**TASK DETAILS:** Output everything in the data exactly, leaving the pictures out.

BEGIN DATA SECTION

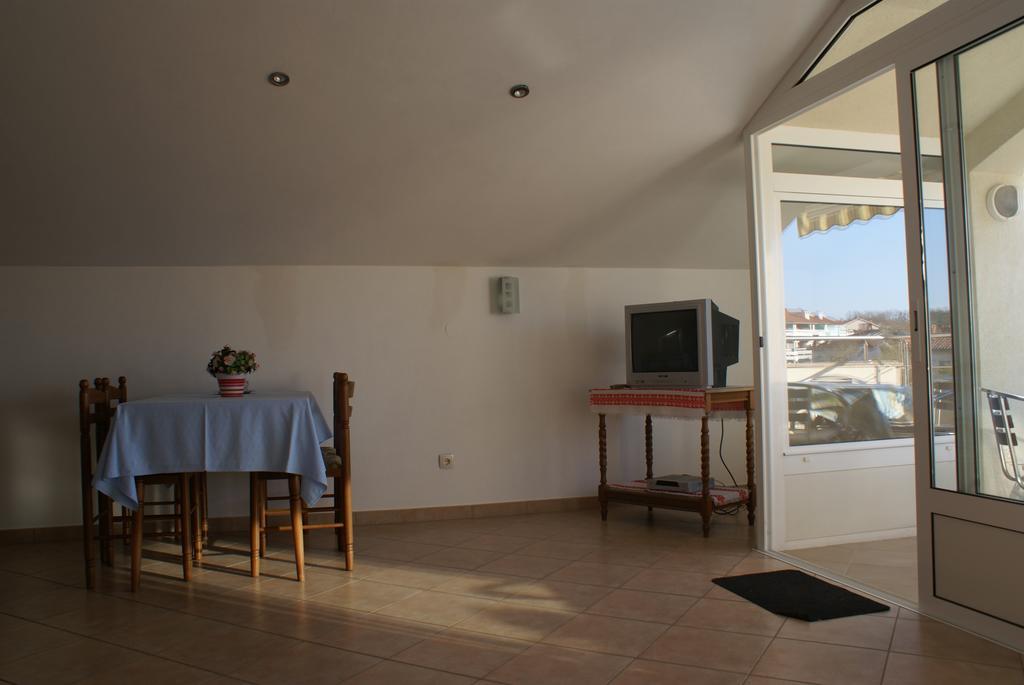 Apartments Robert بورات المظهر الخارجي الصورة
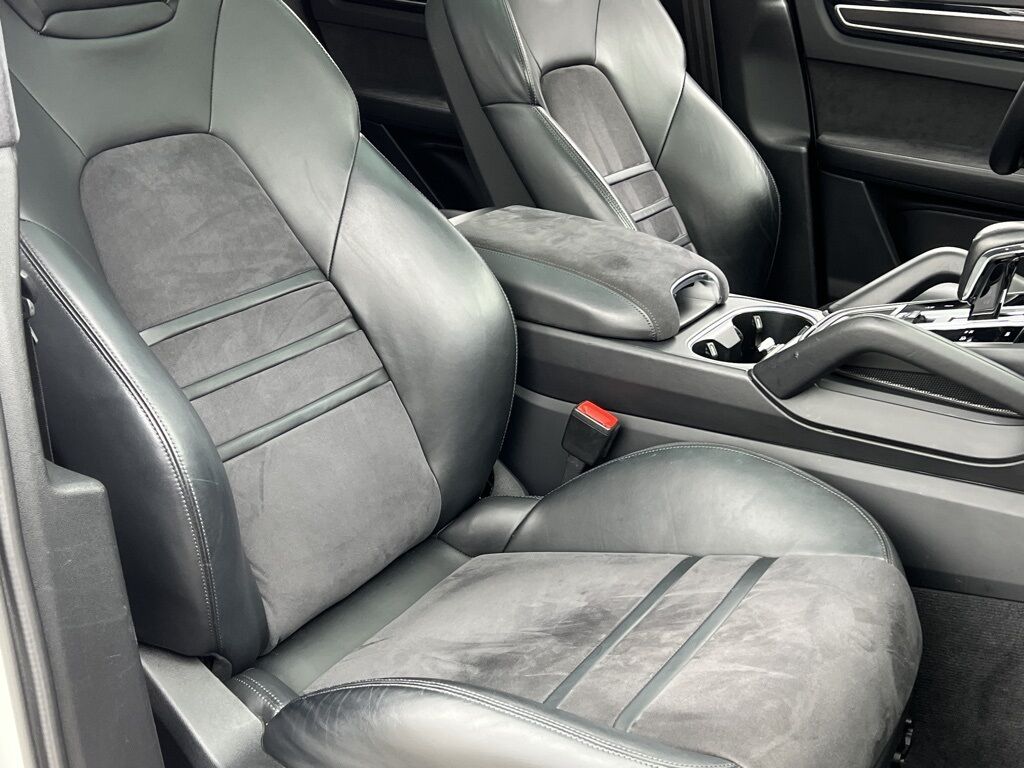 2021 Porsche Cayenne Coupe GTS Indianapolis IN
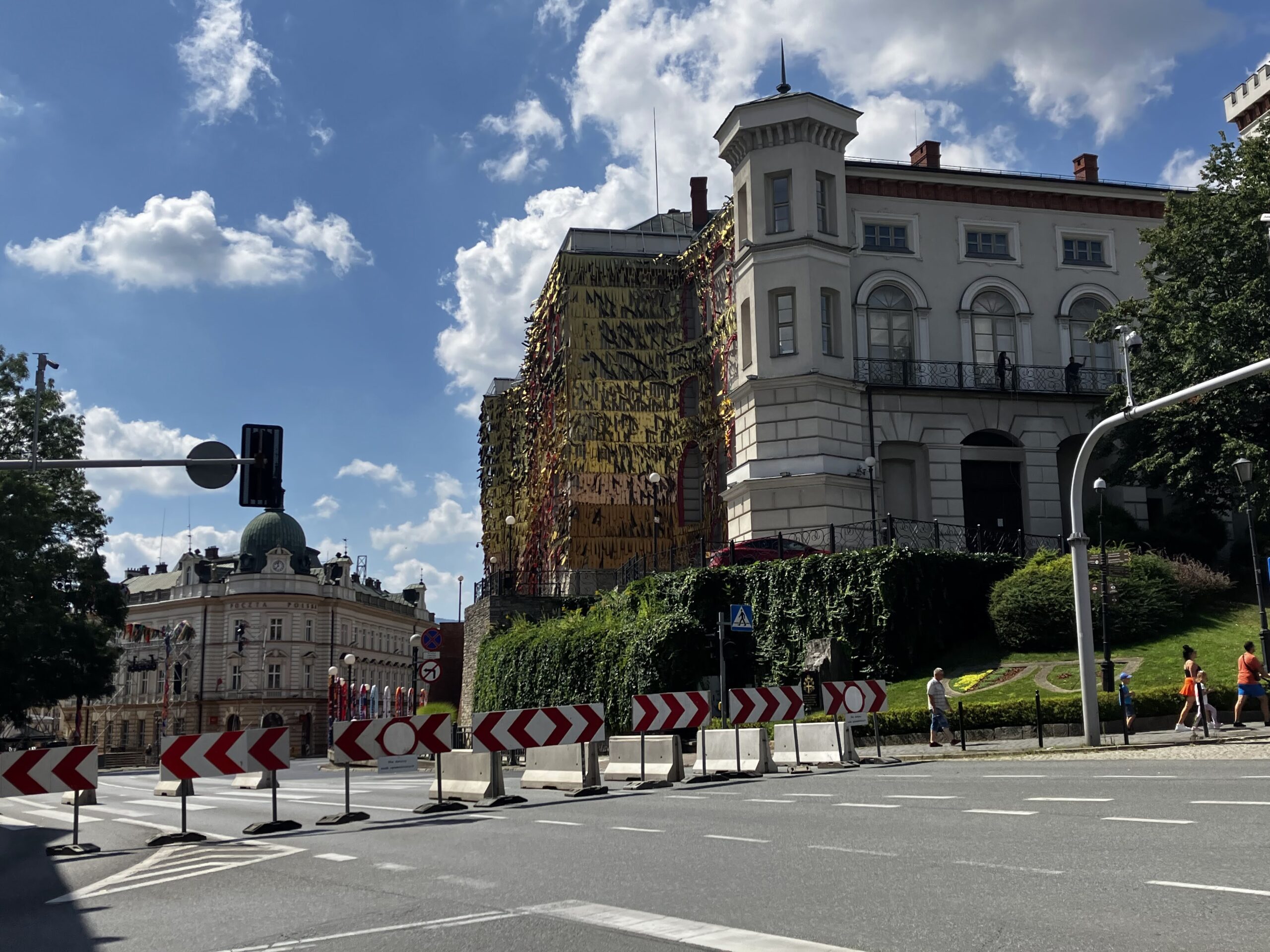 Tło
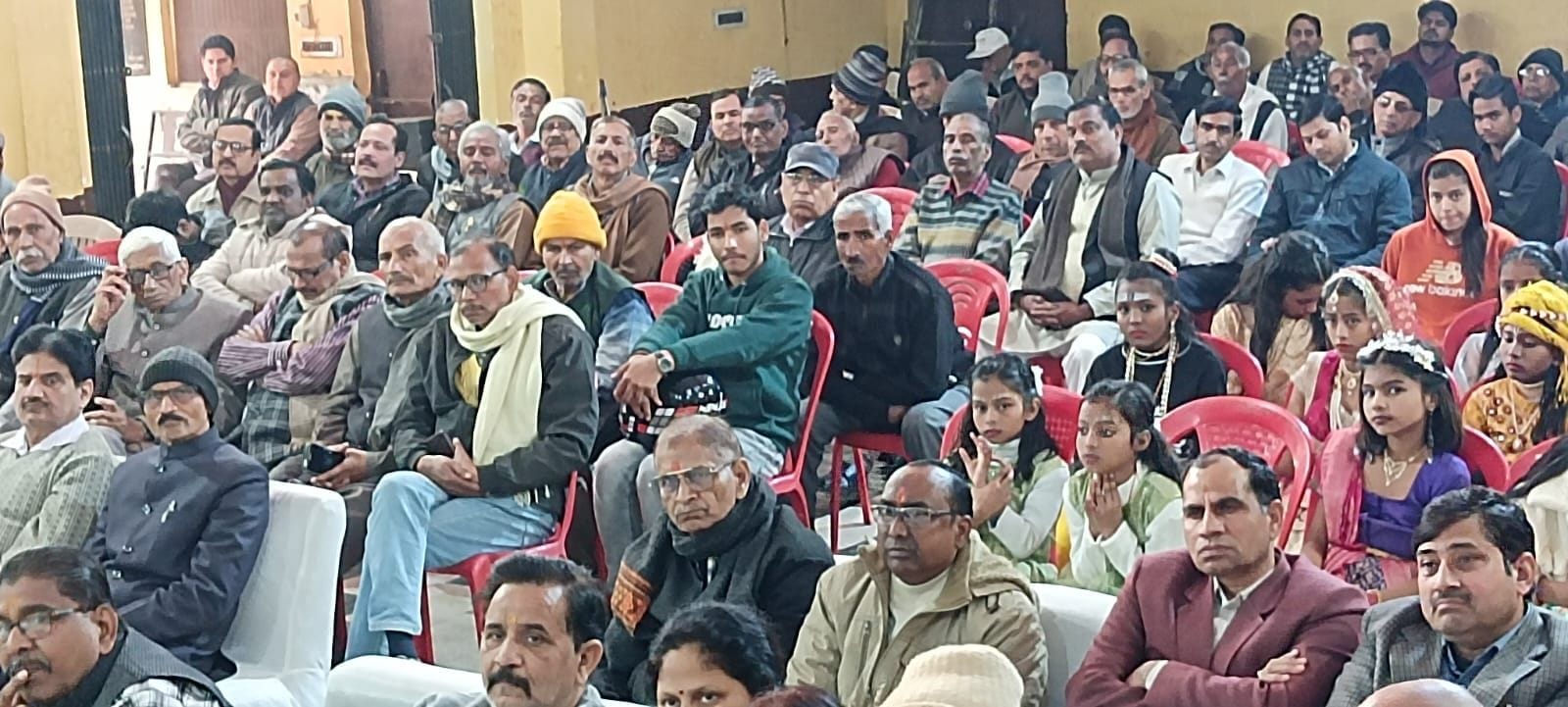 मालवीय जयंती कार्यक्रम में समाज के लिए संबोधित करते ब्राह्मण नेता। संवाद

END DATA SECTION

**RESULT:**
 Apartments Robert بورات المظهر الخارجي الصورة
 2021 Porsche Cayenne Coupe GTS Indianapolis IN
 Tło
 मालवीय जयंती कार्यक्रम में समाज के लिए संबोधित करते ब्राह्मण नेता। संवाद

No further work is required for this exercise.